Это был краткий, как выстрел, приговор дальнейшей судьбе.
В душе захолонуло.
Слышится откуда-то голос, очевидно с соседних носилок:
„Неужели тебе еще охота воевать?” „Да, лучше, чем здесь быть”. „Этто конечно”, - послышался умиротворенный голос.
Вот такой состоялся краткий диалог перед операцией.
Провели операцию. Заковали в гипс, как в броню от головы до
пояса. Все бы было хорошо, нормально. Но, вот беда: в медсанбате
раненые не залеживаются. На пятый день стали отправлять в полевой
госпиталь. Подвесили на сетку под потолок автобуса. Загипсованная
рука лишь чуть-чуть не доставала до потолка. В дороге, при каждом
толчке, рука стук да стук об потолок. И настучала... С того дня
поднялась температура и, несмотря на все усилия врачей, не
опускалась...
...Через месяц снова операционный стол.
И чудилось ему во время операции - жаркое летнее солнце,
красивые просторы пейзажа... И запел на столе во весь голос:
„Есть на Волге утес,
Диким мохом оброс,
И стоит сотни лет
Ни нужды и ни горя не зная...”
И затем, когда уже несли в палату, и смутно стали появляться
очертания окон и стен, солдат все еще продолжал распевать песни:
„Ой, да ты
Не стой, не стой
На горе крутой...”
А вообще-то он никогда не пел, даже в солдатском строю, - это
случилось с ним первый раз в жизни.
Очнулся от наркоза в палате... Пустой рукав нательной рубашки
обвисло лежал на койке... Явственно ощущались пальцы - в том,
полусогнутом положении, в котором они находились перед
операцией. Пальцы нестерпимо зудели. Хотелось схватиться за них
другой, неповрежденной рукой. Но... рука натыкалась на пустой рукав.
Прошло несколько дней. Солдат лежал целые дни молча,
уставившись в потолок; ни о чем не спрашивал - лишь при обходе
врачей односложно отвечал на вопросы. Через какое-то время
появились первые, еле заметные признаки улучшения, но все же силы
приходили медленно, очень медленно. Вставать с койки сил не
хватало.
...Но вот, однажды, в госпиталь пришли венгерские музыканты.
Из соседней палаты послышались чудесные звуки скрипок. Внутри
всколыхнулось. Неодолимо потянуло к льющимся мелодиям. И,
преодолев слабость, впервые за полтора месяца поднялся на ноги.

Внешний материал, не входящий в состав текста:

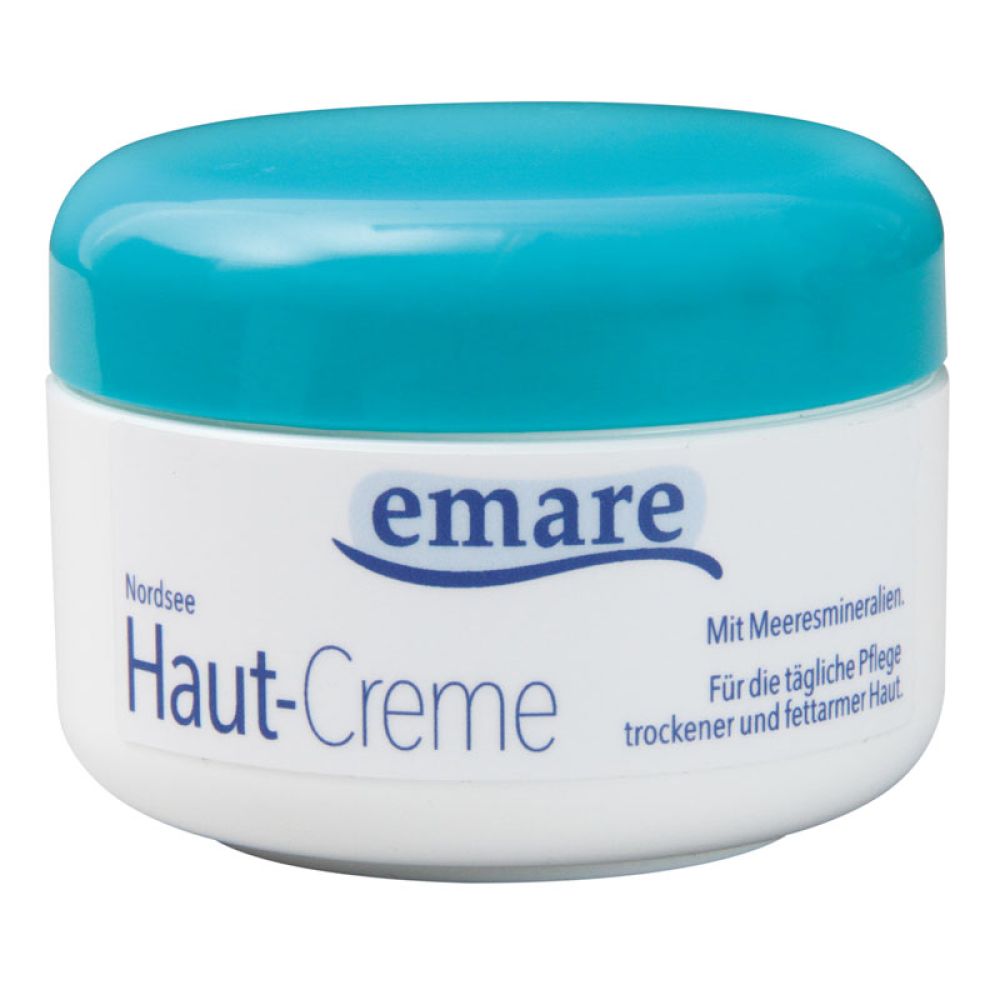 Nordsee Hautcreme in der 70 g Dose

Держась за койки, попытался пройти навстречу льющимся мелодиям.
Дойти не удалось. Через несколько шагов, уже с помощью санитара,
пришлось возвратиться на койку. Скрипач, узнав о стремлении
солдата послушать музыку, вошел в проем двери и заиграл. Заиграл
тихо, нежно. Заиграл лишь для одного-единственного, оставшегося в
палате лежачего солдата... Трудно сказать, сколько он играл, но играл
долго и вдохновенно... Мелодия воспринималась словно сон, но это
был чудесный сон.
Прошло много лет. Довелось побывать в разных театрах и на
концертах, но не слышал чудесней той мелодии, что выводил скрипач
в далеком городе Сольнок для одного-единственного лежачего в
палате солдата... Это была мелодия жизни.
Может быть, прошел кризисный период, а может быть мелодия
влила живительные силы, но с той поры захотелось неодолимо жить,
и организм преодолел слабость. Надежда на жизнь восторжествовала. Угольки жизни, еле теплившиеся полтора месяца,
от услышанной мелодии вспыхнули искрой... и стали постепенно
разгораться; лед в душе растопился.
Через две недели стали отправлять из прифронтового госпиталя
в дальний тыл. Трудно объяснить, но тогда, с навертывающимися на
глаза слезами, просил лечащего врача не отправлять его из госпиталя
в дальний тыл.
Женщина-врач, в ответ на настойчивую и необъяснимую
просьбу, всплеснув руками, с изумлением произнесла: „Влюбился”.
***
Нет. Ни в кого в то время я не влюбился. Было лишь сильное
желание утаить, скрыть на время от родителей горькую правду, что не
стало руки. В голове бродило: остаться в прифронтовом госпитале и...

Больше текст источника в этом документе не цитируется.